I like it when they’re happy.
And in this instance, I actually get to see what that happiness looks like. When they both see the finished result, they’re ecstatic. They’re more interested in what I’ve done here than they have been in an almost anything else I have done: recipes I have tried for the first time, accolades of work, successes in my life, none of those earn the interest this stupid plastic milk jug of a Santa gets. I actually get momentarily annoyed, but it gives way to a calming sense that even though there is so much more behind this gift than I can express or explain, the end result is the same: they’re happy with it, and I’m happy with it, and that’s all that really matters.
I return him to the garage, but not before an idea takes me.
I go inside and fetch one of my dolls. It’s a cute ball joint doll from a blind box set that I got on a recent trip and ended up being the secret figure in the set.

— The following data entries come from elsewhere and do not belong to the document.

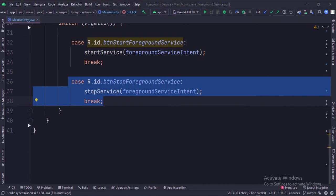When the stop foregroundService button is clicked, we call the stopService function and pass the intent in it. This will stop the service.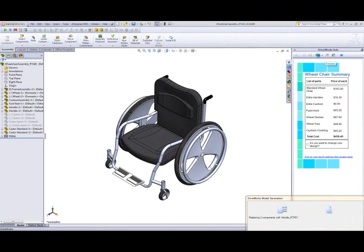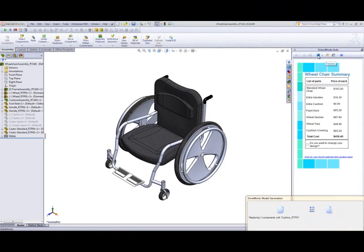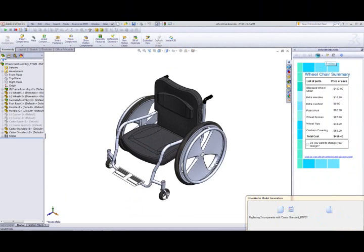By selecting preview, DriveWorks Solo will generate the model. Doing so will apply temporary file names to a copy of the master model and drive the dimensions and properties of the model to the values that we have chosen in our forms.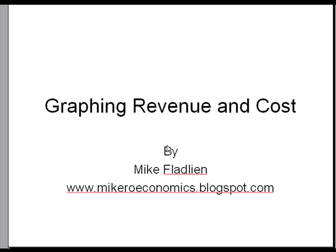In this short video, I'd like to show you how to graph the revenue and cost curves that will appear like the ones in your assignment.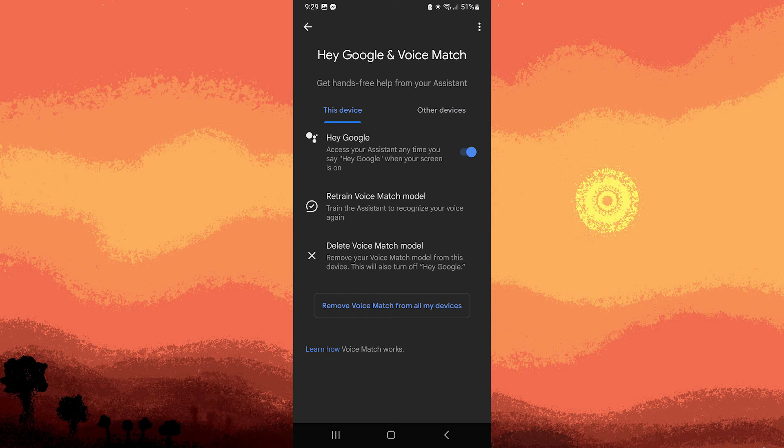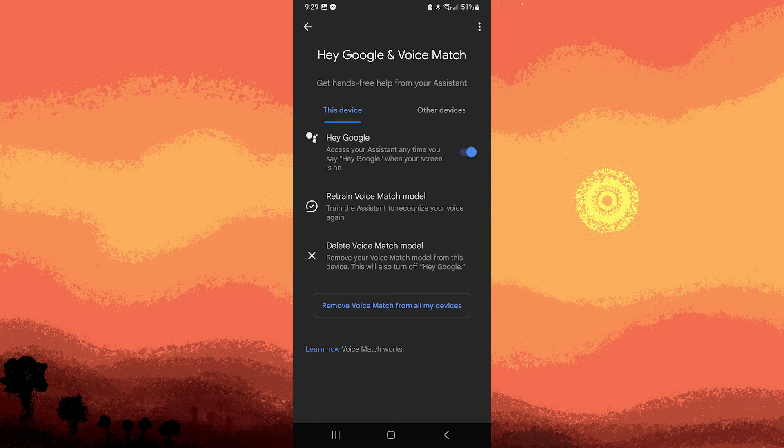Step 10, after setup, you can test voice match by saying, Hey Google, followed by a command. If voice match is working correctly, Google Assistant should respond.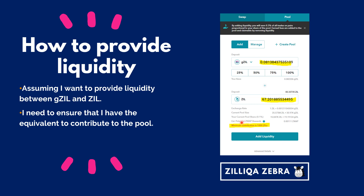When that happens, my current pool share will be shown here in terms of percentage, and potential ZWAP rewards will also be shown here as well.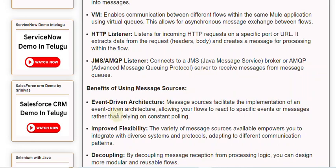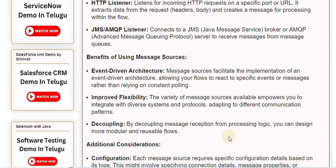Benefits of Using Message Sources: Event-Driven Architecture — message sources facilitate the implementation of an event-driven architecture, allowing your flows to react to specific events or messages rather than relying on constant polling. Improved Flexibility — the variety of message sources available empowers you to integrate with diverse systems and protocols, adapting to different communication patterns. Decoupling — by decoupling message reception from processing logic, you can design more modular and reusable flows.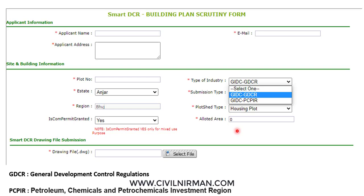The main objective is to bring transformation in the plan scrutiny process with speed, accuracy, consistency, and transparency. The planning scrutiny process is automated through customization with Smart DCR, which increases productivity and accuracy. Benefits include a faster cross-scrutiny process, easier public interaction with the online system, reduced time consumption and manual errors, savings on infrastructure required to store paper drawings, and easy retrieval of data since it is stored in digital format. This process scrutinizes the submitted drawing by comparing it with local authority building bylaws and norms and generates the reports.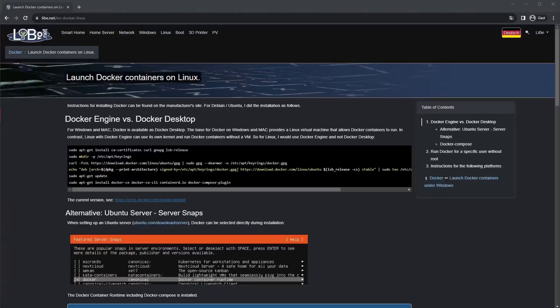Since Docker uses the Linux kernel as a base, containers can be run with a Linux distribution, such as Debian or Ubuntu, with less overhead.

That doesn’t really matter, though; I just really think she’s very cute and I love the colorings. I set up the Santa for a moment on the workbench and snap another picture. Because while this Santa is a gift to them, he’s also a gift to me. A reminder that I can do pretty impressive work. That the person behind this work, Marcy, is capable of doing a hell of a lot with a hell of a little. And that sometimes, she really enjoys being a little bit of an excitable goofball. And perhaps that’s the best gift I can give myself: the mercy to allow myself to be.
Merry Christmas, dear readers. I hope you also give yourself the gift of mercy this year.